Leaving out the pictures, print exactly the lines from the one holding "RIDE レディース スノボセット　ライド　スノーボード ビンディング　ケース付" to the last line of the entries below, both included, and nothing more.

┌─ Information supplied

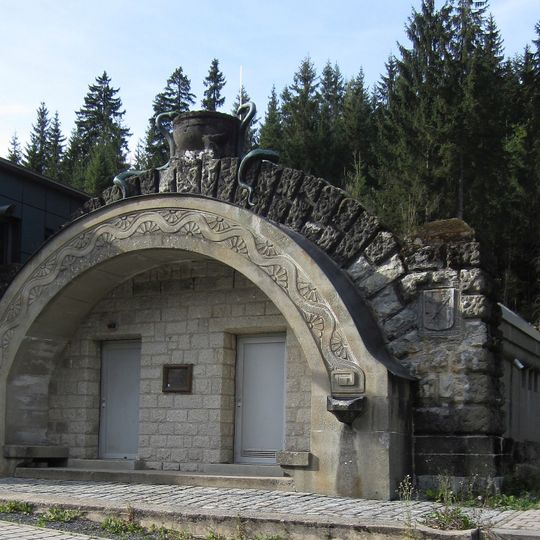 Wasserspeicher der Stadt Bayreuth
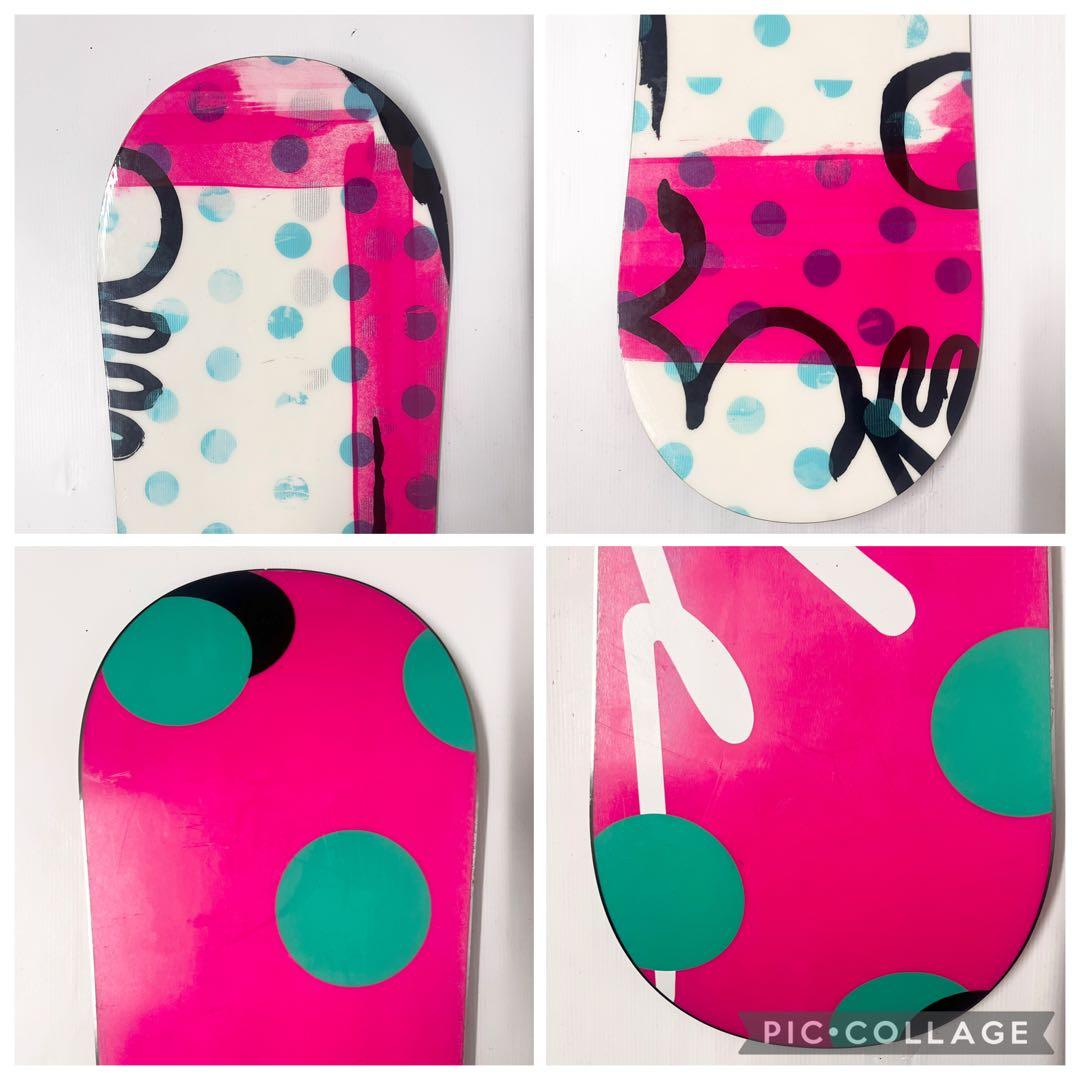 RIDE レディース スノボセット　ライド　スノーボード ビンディング　ケース付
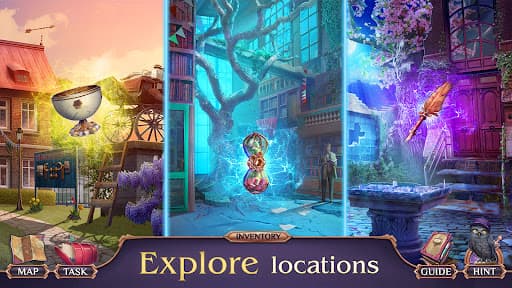 Miss Holmes 5: Seek Objects screenshot 5 - screenshot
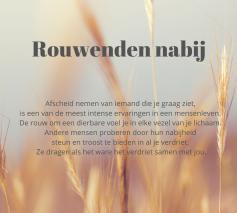 Rouwenden nabij 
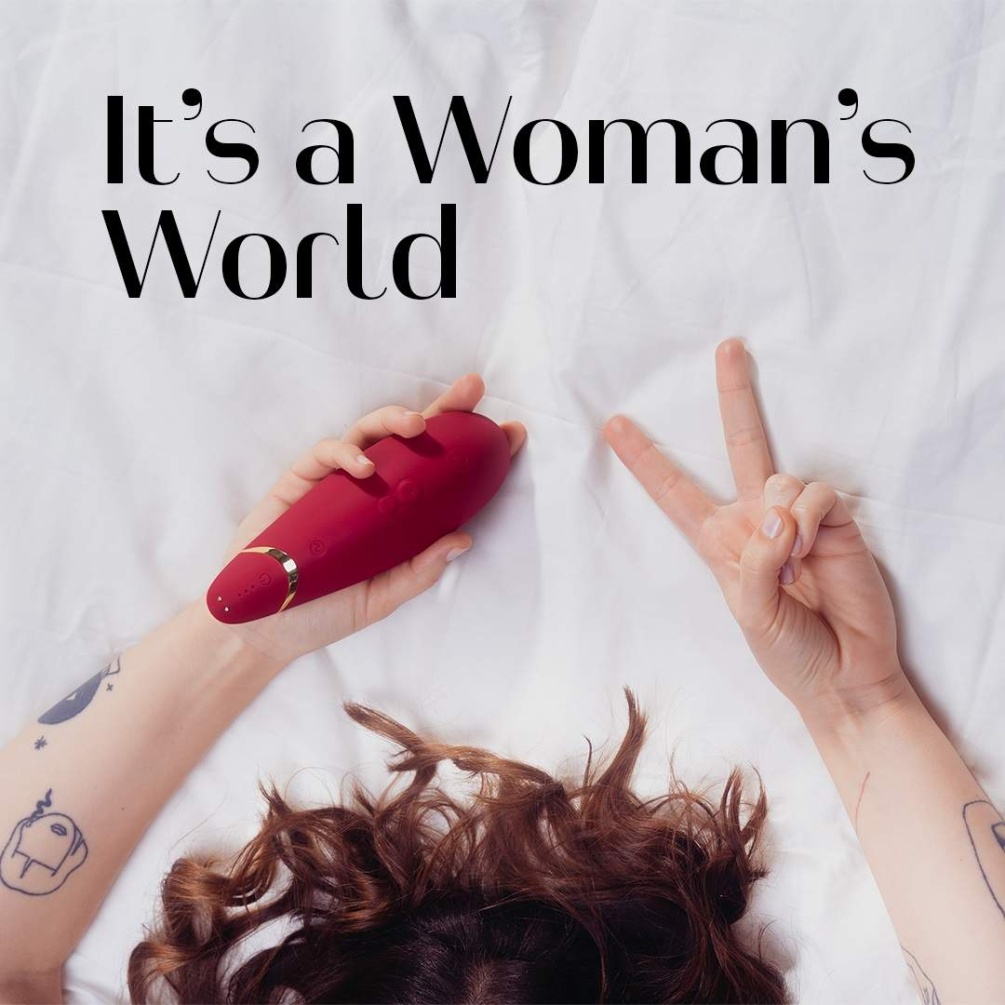 Womanizer PREMIUM 2 with the original Pleasure Air technolog... Womanizer - Premium 2 - Bordeaux photo-2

└─

Result of the task:
 RIDE レディース スノボセット　ライド　スノーボード ビンディング　ケース付
 Miss Holmes 5: Seek Objects screenshot 5 - screenshot
 Rouwenden nabij 
 Womanizer PREMIUM 2 with the original Pleasure Air technolog... Womanizer - Premium 2 - Bordeaux photo-2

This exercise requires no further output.